O empresário Alfonso Romo foi o encarregado de liderar essa tarefa. Coordenador do programa de governo do candidato, durante meses se reuniu com centenas de executivos, inicialmente pequenos e médios, até finalizar com os mais poderosos. Ao mesmo tempo, Graciela Márquez, Carlos Urzúa – propostos por López Obrador para ocupar as secretarias [ministérios] de Economia e Fazenda – e os economistas Gerardo Esquivel e Abel Iber fizeram o mesmo com cerca de cem executivos de fundos de investimentos de todo o mundo. “É uma gente que em curto prazo pode alterar a taxa de câmbio e os fluxos de capital”, admite Urzúa, destacando os encontros com Larry Flink, presidente do BlackRock, e com Justin Leverenz, do Oppenheimer Funds. “Tratava-se de informar, de tirar dúvidas, de deixar claro que não se trata de um programa de esquerda, e sim de centro-esquerda”, resume.

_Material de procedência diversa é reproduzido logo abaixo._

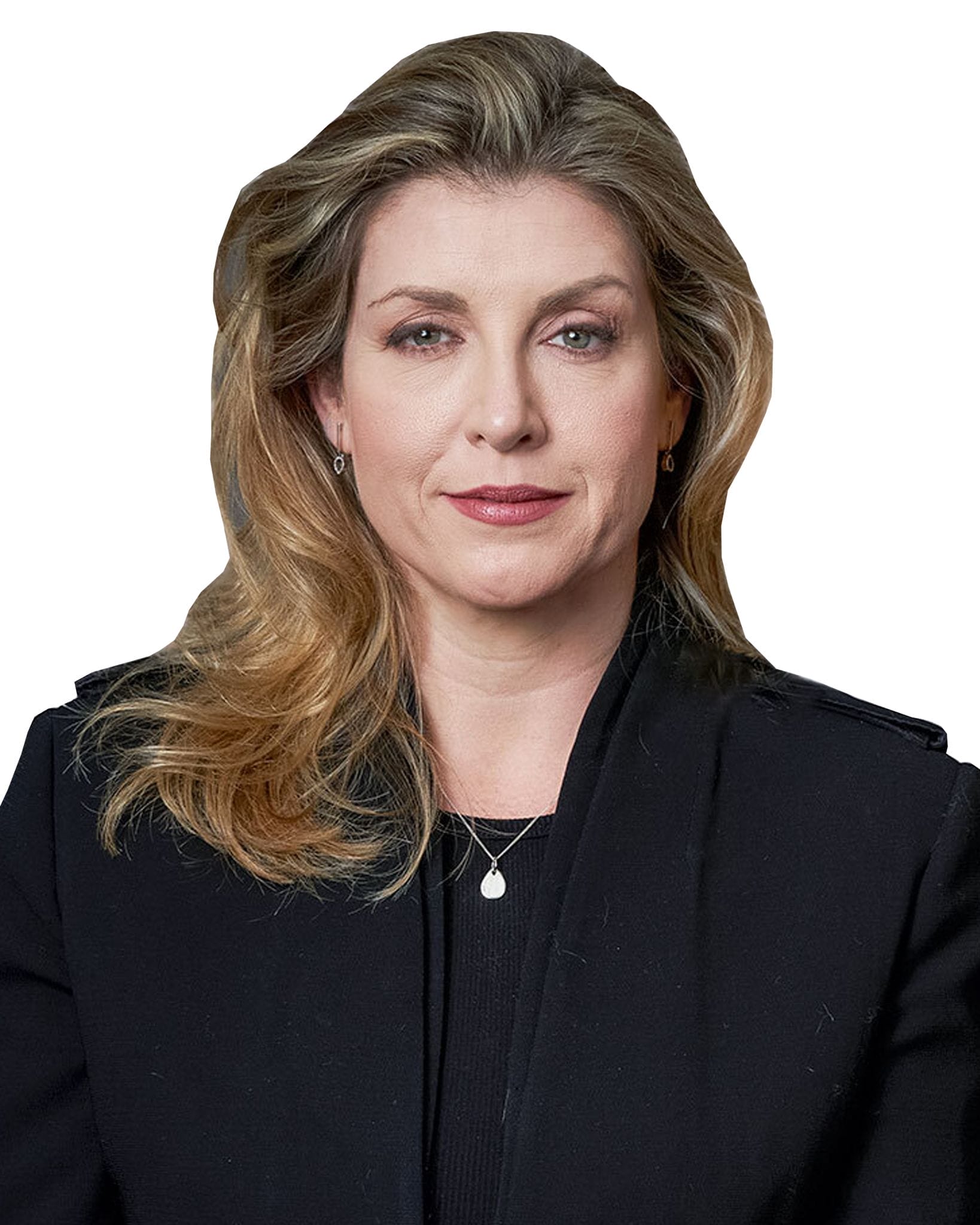 Penny Mordaunt: Pomp and Circumstance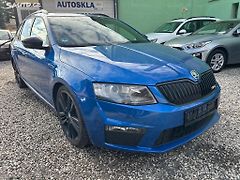 Škoda Octavia (2015) RS 2.0 TDi 135 KW - fotografie inzerátu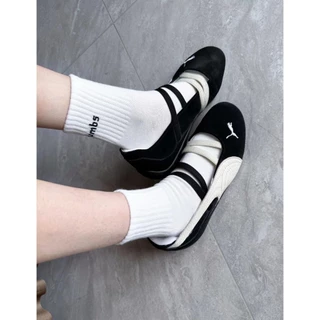 รองเท้าลำลอง PUMA Speedcat Ballet รุ่นผู้หญิง สไตล์แมรี่เจน ใส่สบาย แต่งง่ายทุกสไตล์ ส้นแบน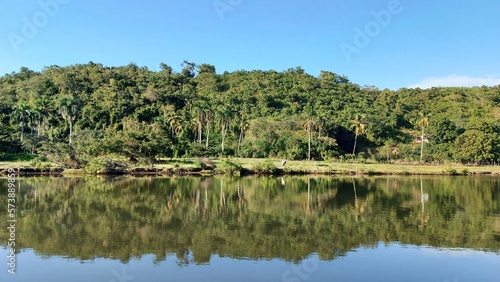 A wonderful relaxed boat trip on the rio soco in the dominican republic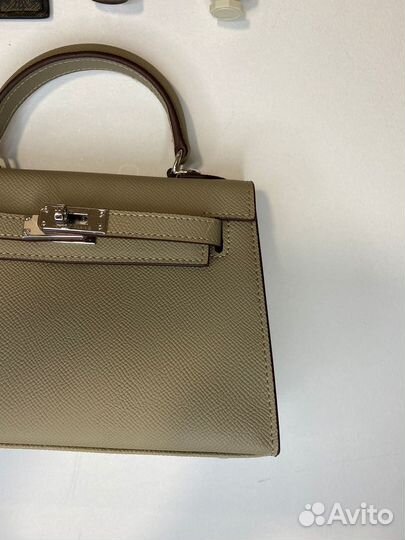 Сумка hermes kelly mini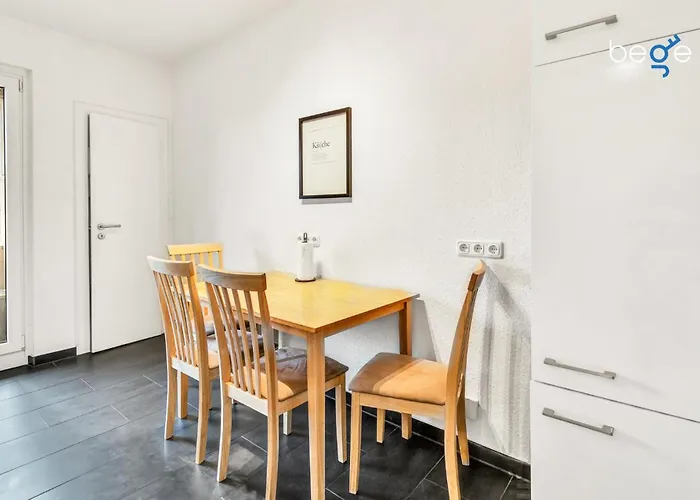 Bege Companylife Apartment Duisburg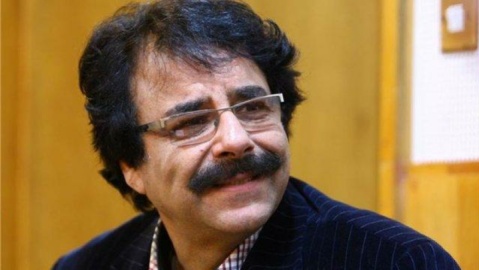 علیرضا افتخاری برای مادران شهدا خواند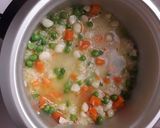Foto del paso 3 de la receta: Arroz a la jardinera 😐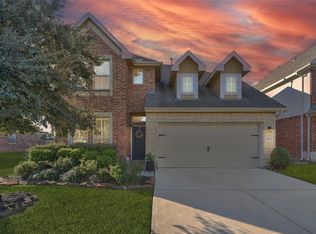 21603 Rainfall Park Dr, Spring, TX 77388
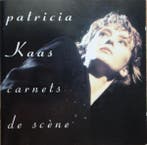 cd - Patricia Kaas - Carnets De ScÃ¨ne, Verzenden, Zo goed als nieuw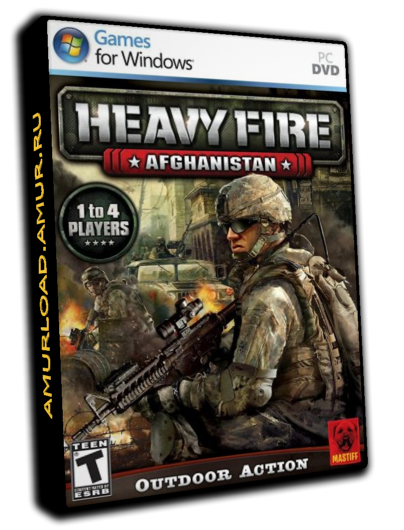 Heavy Fire: Afghanistan (2012) PC | RePack от...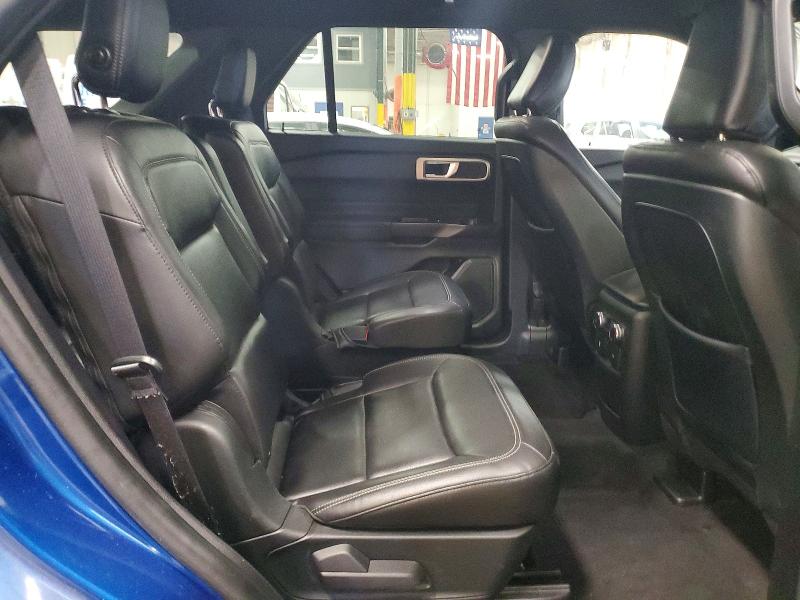 Aukcja sprzedaży 2020 Ford Explorer, vin: 1FMSK8DH2LGA81558, numer aukcji: 47946896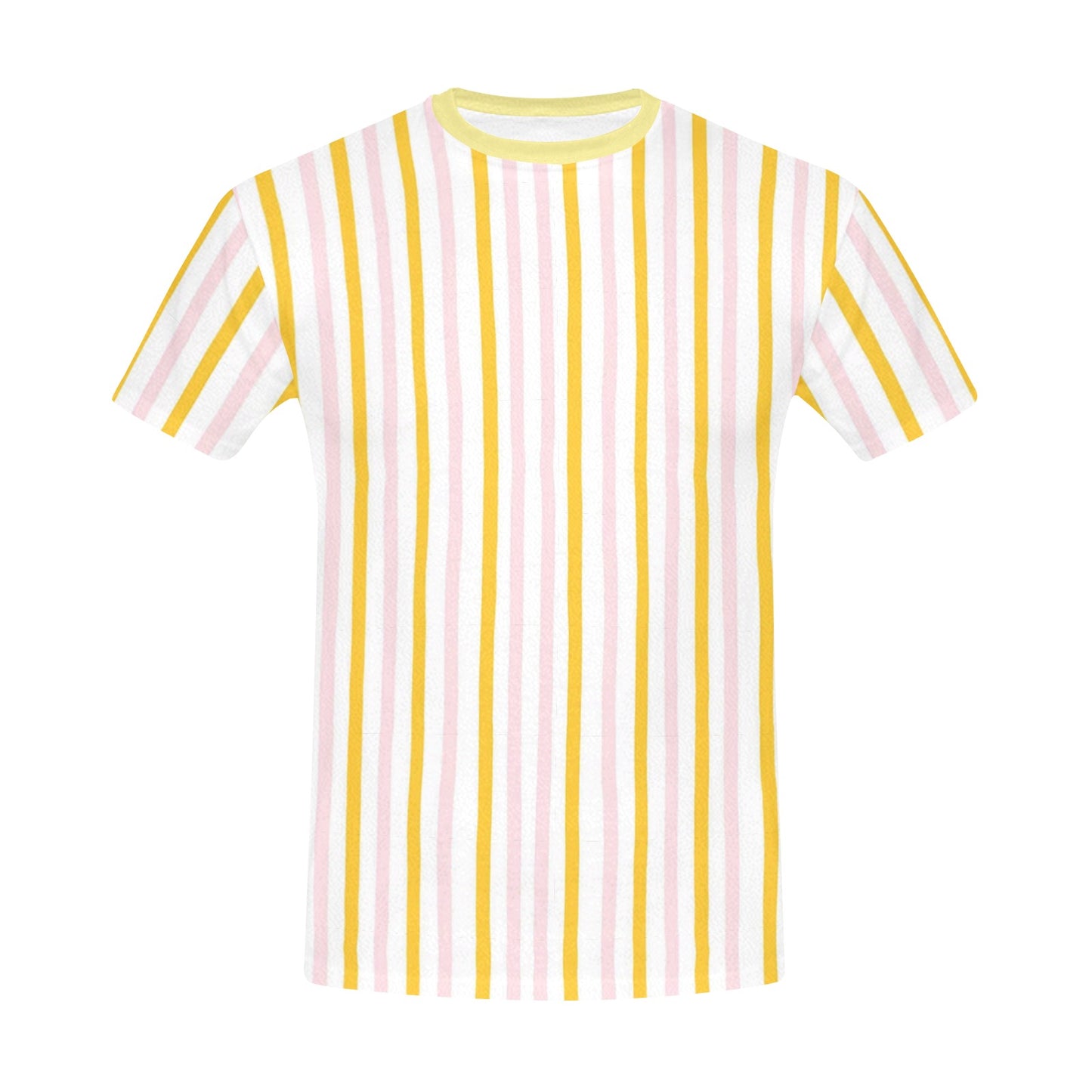 Mens Custom Print Everyday Man Shirt by Simple Discipline Non Wrinkle Easy Wearing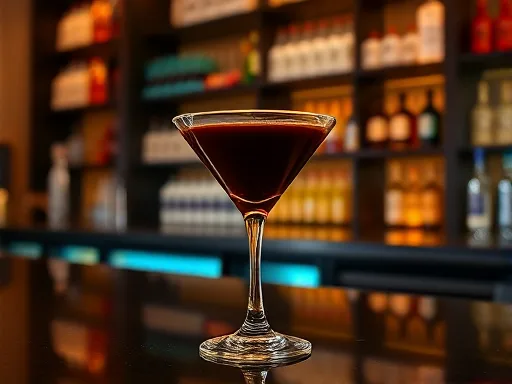 Maxim - At a Bar
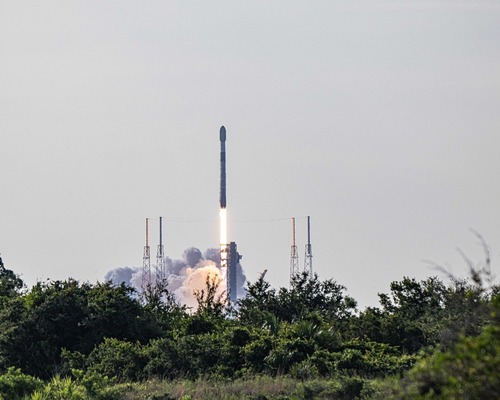 NASA SpaceX roketinin Ay’da oluşturduğu krateri paylaştı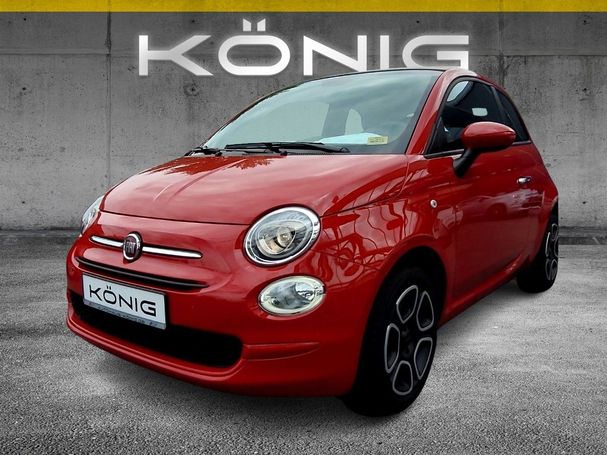 Fiat 500C 1.0 GSE 51 kW image number 1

O encontro da terça-feira representa um ponto de inflexão a menos de um mês do pleito. As últimas semanas haviam sido marcadas por uma sucessão de ataques entre os empresários e o líder do Morena. O segundo homem mais rico do país, Germán Larrea, pediu em uma carta a seus empregados que votem contra “um modelo populista”. Em referência implícita a López Obrador, o presidente do Grupo México afirmou que o país “precisa de um voto raciocinado, inteligente e com consciência”. Pouco depois, Alberto Baillères, o rei da prata e terceiro homem mais rico do país, segundo a Forbes, se uniu à ofensiva. López Obrador tampouco ficou atrás e acusou várias vezes essa elite de fazer “negócios ao amparo do poder” e de ser composta por traficantes de influências. “Estas desqualificações nos magoam e nos ofendem profundamente, porque, assim como o senhor, amamos o nosso país”, disse Alejandro Ramírez.

Em sua terceira tentativa de chegar à presidência do México, o líder do Morena voltou a enfrentar os obstáculos da elite econômica. Os empresários mais poderosos do país avalizaram a designação de José Antonio Meade como candidato do PRI. O ex-secretário de Fazenda era um homem da sua confiança e, acima de tudo, uma garantia de manutenção do status quo. Meade não chegou a despontar nas pesquisas, relegado até agora à terceira posição por causa da imagem ruim do PRI, sacudido pela corrupção e pela rejeição ao Governo de Peña Nieto. Por isso o poder econômico se voltou para Ricardo Anaya, candidato da Frente, uma coalizão que abrange a direita do Partido Ação Nacional (PAN) e alas progressistas do Partido da Revolução Democrática (PRD) e do Movimento Cidadão. Essa é a opção menos pior, mas sua ambição de poder desmedida não agrada aos empresários de mais peso, que no entanto veem uma garantia na sua promessa de manter uma linha econômica ortodoxa. “Falta terminar de tecer a confiança, mas já não haverá confrontação”, acredita um assessor próximo de López Obrador sobre a relação com a elite empresarial.